Jim E. Lavine, Class of 1974
Leading criminal defense attorney in Texas
Jim Lavine is a noted criminal defense attorney in Houston, Texas and former president of the National Association of Criminal Defense Lawyers. A partner in Zimmermann, Lavine, Zimmermann & Sampson, P.C. since 1986, he began his career as a prosecutor in Chicago, serving as an Assistant State’s Attorney in the Special Prosecutions Bureau Organized Crime Unit in Cook County from 1975 to 1980. He later served as an Assistant District Attorney in Harris County, Texas for five years before moving into private practice. Lavine represents clients at trial and on appeal in state and federal courts, as well as before professional licensing boards and in regulatory compliance matters and as witnesses, suspects or targets in grand jury investigations. He has successfully defended clients in a wide variety of cases, including conspiracy, securities fraud, bank fraud and murder.
Lavine was named Lawyer of the Year by the Harris County Criminal Lawyers Association and Texas Criminal Defense Lawyers Association in 2006 and was presented the prestigious Robert C. Heeney Award by the National Association of Criminal Defense Lawyers in 2007. In addition to being a former president of the NACDL, he is a former member of the Board of Directors, a former director of the Texas Criminal Defense Lawyers Association and a former president of the Harris County Criminal Lawyers Association.
What did you think you were going to be when you grew up?
From the time I was in 8th grade, I wrote a career paper that I wanted to be a lawyer.
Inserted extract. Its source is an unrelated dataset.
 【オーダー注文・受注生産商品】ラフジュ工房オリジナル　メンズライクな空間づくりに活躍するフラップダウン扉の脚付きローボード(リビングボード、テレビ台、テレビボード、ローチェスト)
That was always my goal from middle school onward, how I was going to get there was kind of unknown. I chose the law path and kind of knew that early on. I’m not exactly sure why. My grandmother was a lawyer, a graduate of Chicago-Kent from 1913. While she did mostly probate and real estate, I always thought lawyering was a profession that helped people and that’s what I wanted to do.
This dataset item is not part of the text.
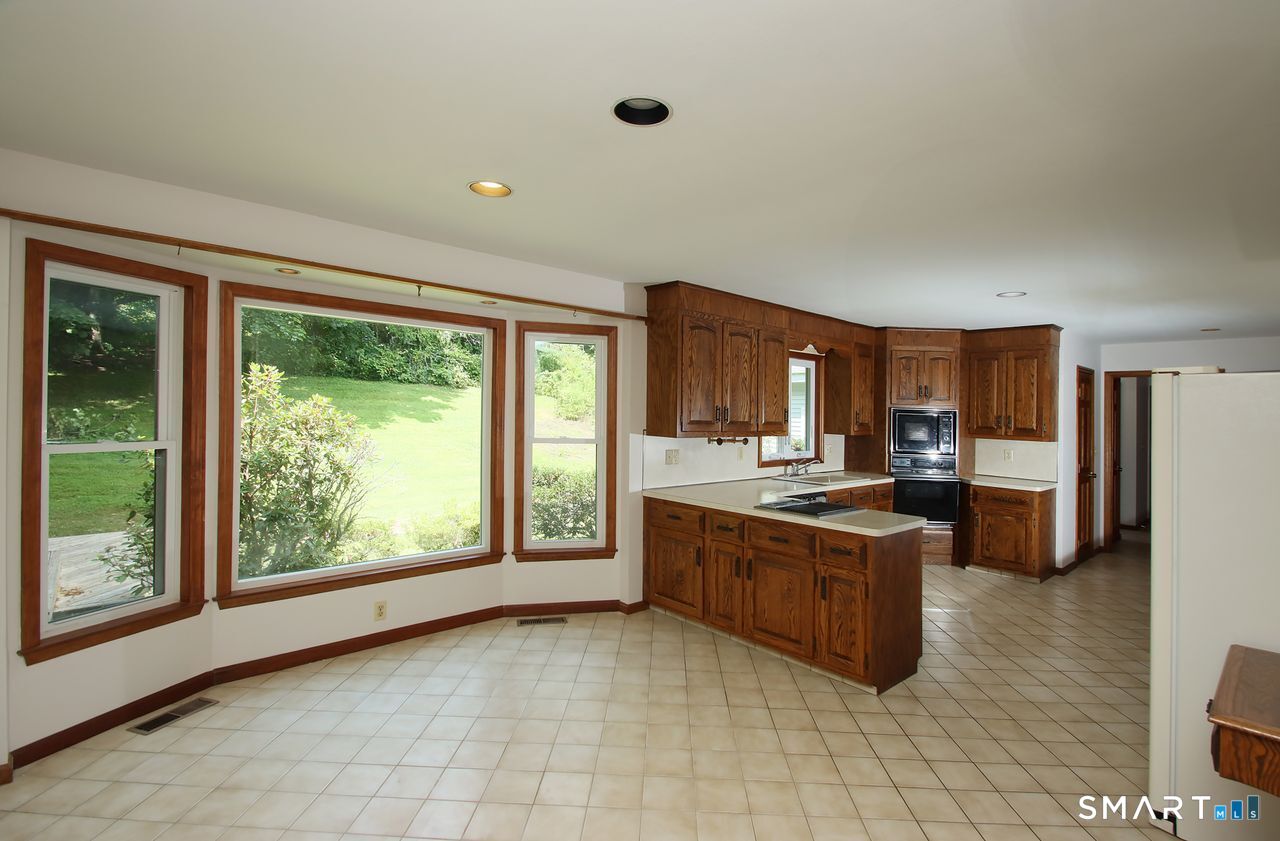 328 Saybrook Road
What has been your greatest challenge?
Certainly juggling family and the profession is a challenge. The law, as they say, is a jealous mistress, and there’s a reason for that. If you really are devoted to the profession, you end up spending a lot of time doing it. Being able to juggle that and the requirements and joys of being a family man are equally important. The hardest thing a lawyer does is defend someone who’s innocent, and someone on Death Row who you know to be innocent. You just dig in and you work harder. It’s always harder defending the innocent.
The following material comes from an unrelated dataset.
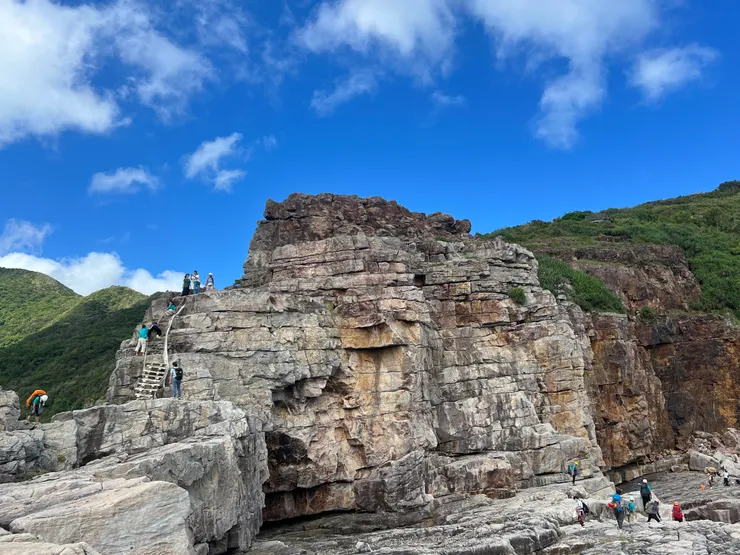 前往"地下室"路上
How would you say Chicago-Kent prepared you for your present success?
Warren Wolfson, the Moot Court Society and the Trial Advocacy programs taught me to become a zealous advocate and to defend with the highest ethics. That in order to be successful, you have to establish credibility with courts. As a defense lawyer, I was hoping to have the ability to practice anywhere in the country. To do that, you have to establish a reputation. The most important reputation you can establish is being honest and ethical, which is one of the things I learned at Kent.
Kent instilled in me a love of the trial floor. In the course of doing that, Kent taught me to be meticulous, to be well prepared, to leave no stone unturned, both factually and legally, to never quit, and to learn that each case is the most important case to that client, so that we treat every client with respect.
Warren Wolfson also taught me to defend with passion, with zeal, with professionalism, and with ethics. A moral culture was ingrained in me at Chicago-Kent and I’ve carried it with me ever since I graduated. This distinction is a validation of my education at Chicago-Kent.
What advice would you give to young attorneys just starting out today?
Establish your credibility in the community. By doing that, work hard and prepare hard. Don’t ever go into court unprepared, don’t ever lie to or misdirect a court. You have to out prepare the other side. You need to know more about your case than the other side does, so that way you establish your credibility with the court. Even if the law is against you, you establish your credibility.
Don’t ever do something that feels bad. Understand the ethical rules. Treat all of your clients as individuals and with respect and you will have a successful career. If you’re going to be on the trial floor, you need to defend with passion.